Les paléontologues ont identifié un nouveau genre et une nouvelle espèce de ptérosaure ptéranodonte à partir d'os fossilisés trouvés en République d'Angola.
Les ptérosaures ont été les premiers vertébrés à développer le vol motorisé. Ces créatures vivaient en même temps que les dinosaures non aviaires, il y a entre 210 et 65 millions d'années.
Certains ptérosaures, tels que les azhdarchidés géants, étaient les plus grands animaux volants de l'histoire de la Terre, avec une envergure pouvant atteindre 12 mètres et une hauteur comparable aux girafes modernes.
Une espèce de ptérosaure récemment découverte avait une envergure allant jusqu'à 4,8 m.
Nommé Epapatelo otyikokolo, il vivait dans ce qui est aujourd'hui le pays africain de l'Angola à l'époque maastrichtienne du Crétacé, il y a entre 71,6 et 71,4 millions d'années.
Les découvertes de ptérosaures en Afrique ont été relativement rares, les principales concentrations de fossiles sur le continent se produisant dans les pays du nord, avec des découvertes dispersées se produisant plus au sud, explique Alexandra Fernandez, paléontologue au musée Lourinhao.
Cette distribution est probablement due à un faible échantillonnage sur le terrain et à l'inaccessibilité potentielle des affleurements mésozoïques dans toute l'Afrique subsaharienne.
De plus, la plupart de ce qui a été trouvé en Afrique jusqu'à présent se présente sous la forme d'os simples.

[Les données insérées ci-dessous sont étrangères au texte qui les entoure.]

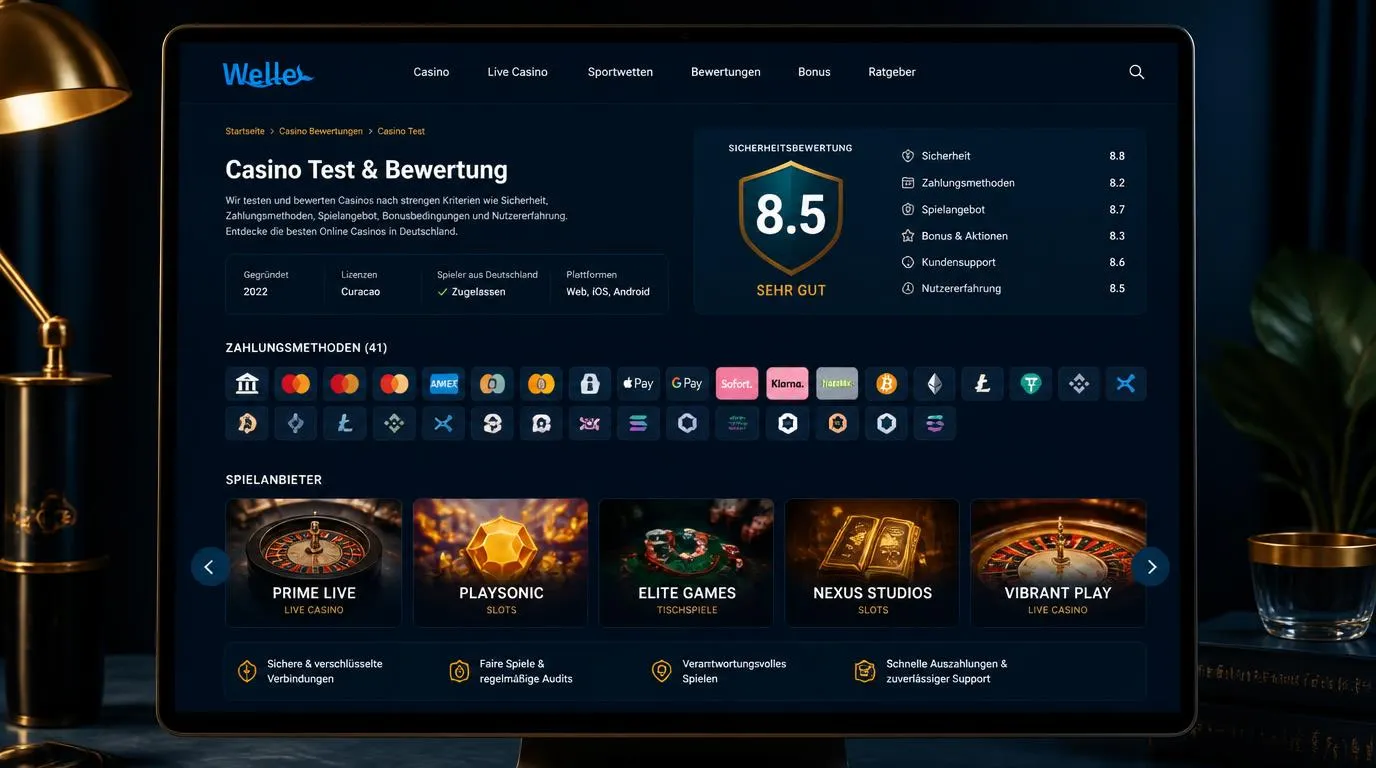 Casino-Startseite mit Sicherheitssiegel, Zahlungsoptionen und Spielauswahl bekannter Anbieter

La plupart des localités sont d'âge crétacé, et il y a aussi quelques sites jurassiques.
Selon les chercheurs, Epapatelo otyikokolo appartient à la famille des ptérosaures Pteranodontia.
Les ptéranodontes du Crétacé supérieur sont rares en Afrique subsaharienne et dans tout l'hémisphère sud.
Des fossiles de plusieurs Epapatelo otyikokolo et d'autres ptérosaures ont été trouvés dans la formation supérieure de Mucuio près de la commune de Bentiaba dans la province angolaise du Namib.
La République d'Angola, située sur la côte ouest de l'Afrique du Sud, abrite la région aride du désert du Namib et regorge d'affleurements fossiles, selon les scientifiques.
À la fin du Maastrichtien, le littoral moderne de l'Angola s'était déjà formé et l'Afrique était devenue essentiellement isolée des autres masses terrestres, ce qui signifie que les espèces indigènes pourraient se spécialiser davantage de manière endémique dans leur propre paléobiologie unique.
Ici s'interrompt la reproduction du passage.